How BP Got Insider Tips Through A Secret Chat Room

Currency market is the biggest financial market with daily volume of $5.3 trillion. Daily millions of retail traders try to beat the market. Most of them fail. Very few succeed. Why? The markets are rigged. Big banks and big corporations have the upper hand. They know when a big currency transaction is about to take place. Just place your trade before that time and make almost risk free profit. In a recent article published on Bloomberg, it has been revealed how BP has been getting insider tips through a secret chat room. Below are a certain excerpts from that article.

As a company with global operations, BP is a major user of the $5.3-trillion-a-day foreign-exchange market. Dollars earned from the sale of crude oil are converted into local currencies to pay the salaries of employees and fund infrastructure projects from Azerbaijan to Trinidad. Refined products such as liquefied natural gas and kerosene are sold for yuan and reais.

The trading unit’s primary role is to manage the firm’s exposure to financial risks, including fluctuations in interest rates and foreign exchange, according to the company’s website. Unlike at most corporations, it also is run as a profit center, which means that in addition to hedging risks, traders can place their own bets on the direction of markets. The company doesn’t break out how much money the treasury unit makes….

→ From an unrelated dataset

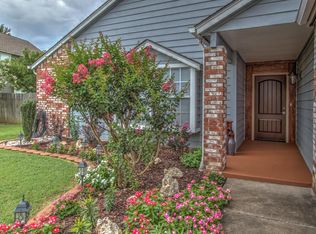 409 W San Diego St, Broken Arrow, OK 74011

In an undated message seen by Bloomberg News, a trader at a bank told BP he would be buying U.S. dollars against Australian dollars at the WM/Reuters fix at 4 p.m. in London, the one-minute window during which traders around the world exchange billions of dollars of currency on behalf of pension funds and asset managers. The message was received at BP about 30 minutes before the fix. By tipping his hand, the sender was telling BP about a potential fall in the Australian currency.

At about 3 p.m. in London on a different afternoon, BP traders were informed that banks were selling dollars against the yen at 4 p.m. In a third message, this one arriving as the oil company’s traders drank their first coffee of the morning, a trader at a bank said he had just sold a quantity of an emerging-market currency, to whom and the price he received.

The four banks in the Cartel controlled about 45 percent of the global spot-currency market, according to a survey by Euromoney Institutional Investor Plc, so information about their plans was valuable. Some days they worked together to push around the 4 p.m. fix, settlements with the banks show…

As a retail trader you should understand how the big banks and the big corporations rig the currency market. So how do you become successful against these big sharks? Simple! Use strict money management when trading. When you have a winner try to increase your position size while keeping the risk as low as possible. Always be ready for a surprise. You don’t know when a new big currency transaction is about to take place like the BP traders. Keep this in mind BP is just one MNC. There are many MNCs that are much  bigger than BP.